NHFPI’s senior policy analyst Nicole Heller explains that while it’s not always the case, younger people often face greater financial challenges due to lower incomes and limited savings—especially when the cost of basic necessities keep going up.
“It seems like it’s going to be even harder for our generation than it was for previous generations,” says Ferreira.
Many Gen-Zers are rethinking college altogether. Nicolas Gonzalez is a recent high school graduate from Brookline working at Costco. He enjoys the job. His co-workers are friendly, the benefits are solid and he can easily listen to music on his earbuds while collecting shopping carts outside. The entry level pay of $19.50 per hour is also a draw.
As for future plans? Saving money. “I don’t think it’s super worth it to go to college and get a student loan,” he says. “I don’t want to be in debt for the rest of my life.”
Amid ballooning tuition fees, nearly half of adults see a four-year college degree as worthwhile, according to Pew Research Center, but only if student debt is taken out of the equation. Herein lies the rub: U.S. News and World Report lists the average annual cost at a private four-year college as $43,505, and that is before housing, food and textbooks.

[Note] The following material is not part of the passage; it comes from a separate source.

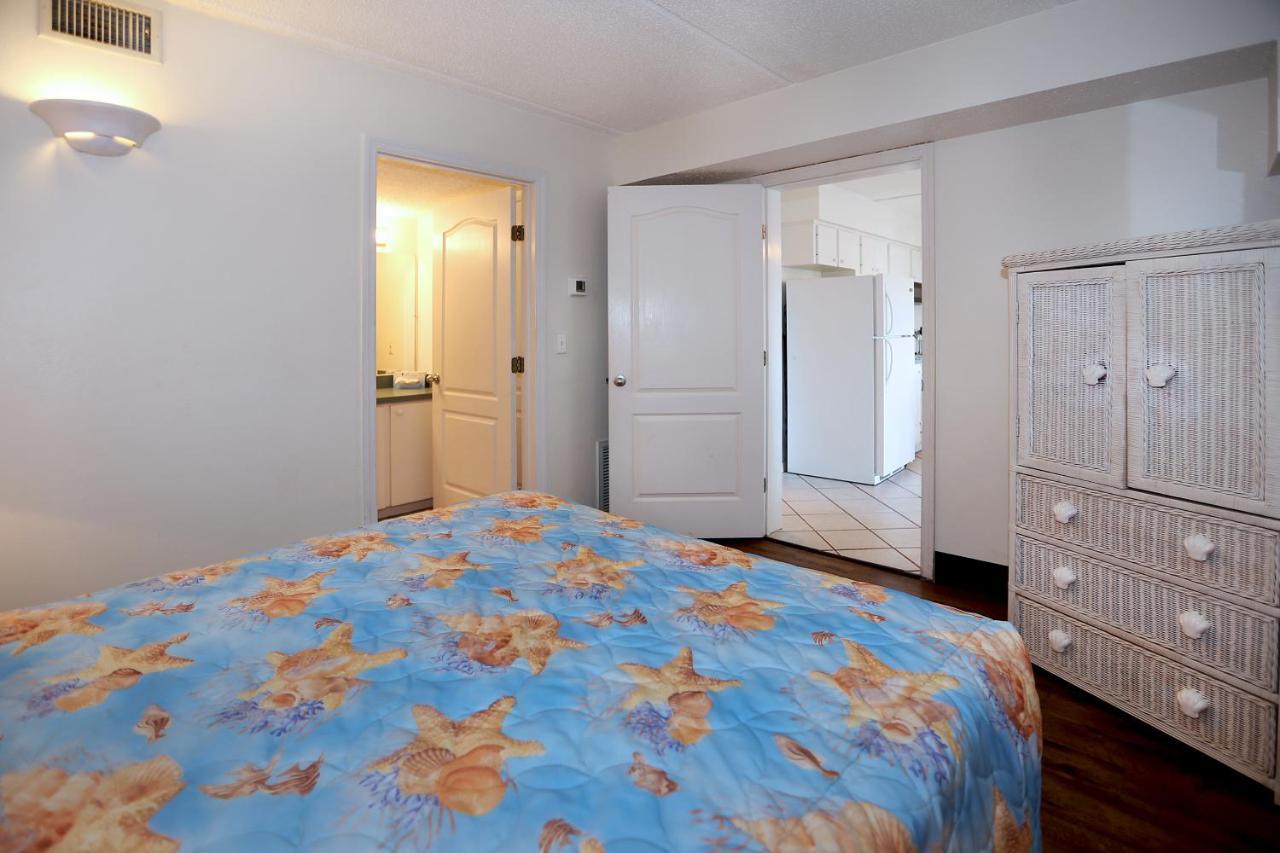 Club Sea Oats By Capital Vacations Motel Daytona Beach Shores Exterior photo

Millions with student debt are facing a grim reality since the Trump administration began collecting on defaulted student loans in May after a five-year hiatus.
The financial strain is particularly daunting for the youngest Gen-Zers. According to the Gallup-Walton study, those between 13 and 17 feel less optimistic about their future than their older cohorts. Schools, meanwhile, are struggling to engage students who don’t have college plans.
But some institutions are adapting. At St. Joseph’s School of Nursing in Nashua, more than half of graduates choose to stay at the hospital, while others take jobs at nearby hospitals or in northern Massachusetts, says Assistant Vice President of Academic Affairs and Dean Vickie Fieler.
St. Joseph’s offers a loan repayment program, easing the financial load for those just entering the field. The hospital also invests in its workforce, offering tuition waivers to employees in roles like security, dietary services, licensed nursing assistants (LNAs), or anyone who wants to become a registered nurse. With the need for healthcare workers surging, these incentives retain talent close to home.
Despite economic challenges, many Gen-Zers choose to stay in NH for family, lifestyle and community. Employers who offer flexibility, mentorship and growth opportunities are more likely to retain young talent. As Gen-Zers reshape the workforce, NH’s ability to adapt will determine its future appeal.